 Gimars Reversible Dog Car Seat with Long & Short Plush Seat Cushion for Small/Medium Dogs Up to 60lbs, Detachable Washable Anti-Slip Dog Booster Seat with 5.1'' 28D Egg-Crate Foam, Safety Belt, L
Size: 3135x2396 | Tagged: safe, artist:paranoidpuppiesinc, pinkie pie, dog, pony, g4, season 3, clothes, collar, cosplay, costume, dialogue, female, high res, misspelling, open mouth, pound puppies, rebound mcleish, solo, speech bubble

....

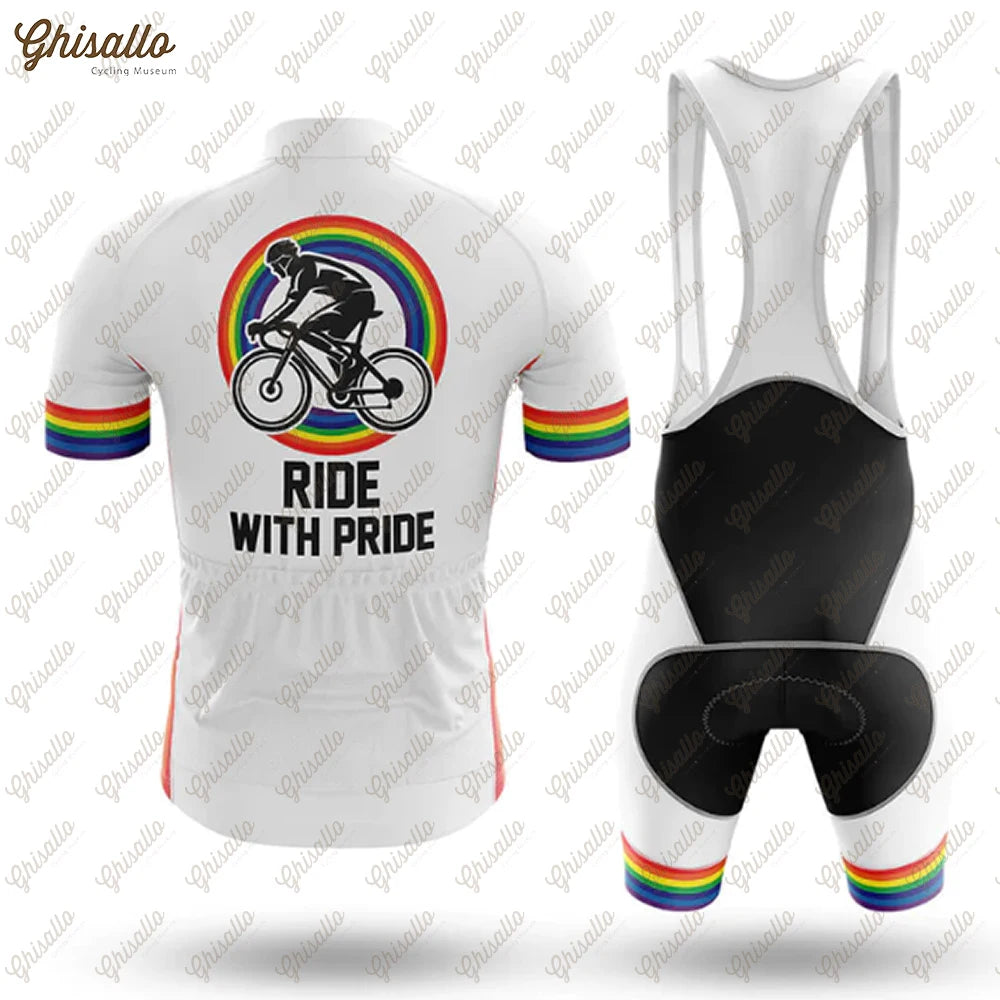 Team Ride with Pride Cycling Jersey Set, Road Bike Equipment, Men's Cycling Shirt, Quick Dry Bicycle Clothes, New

....

→ **Exercise goal**
In the entries above, please find the line with "Gimars Reversible Dog" and the line with "Size: 3135x2396 |", then write out exactly those two lines and every line between them, and nothing more.

→ **Output for this exercise**
 Gimars Reversible Dog Car Seat with Long & Short Plush Seat Cushion for Small/Medium Dogs Up to 60lbs, Detachable Washable Anti-Slip Dog Booster Seat with 5.1'' 28D Egg-Crate Foam, Safety Belt, L
Size: 3135x2396 | Tagged: safe, artist:paranoidpuppiesinc, pinkie pie, dog, pony, g4, season 3, clothes, collar, cosplay, costume, dialogue, female, high res, misspelling, open mouth, pound puppies, rebound mcleish, solo, speech bubble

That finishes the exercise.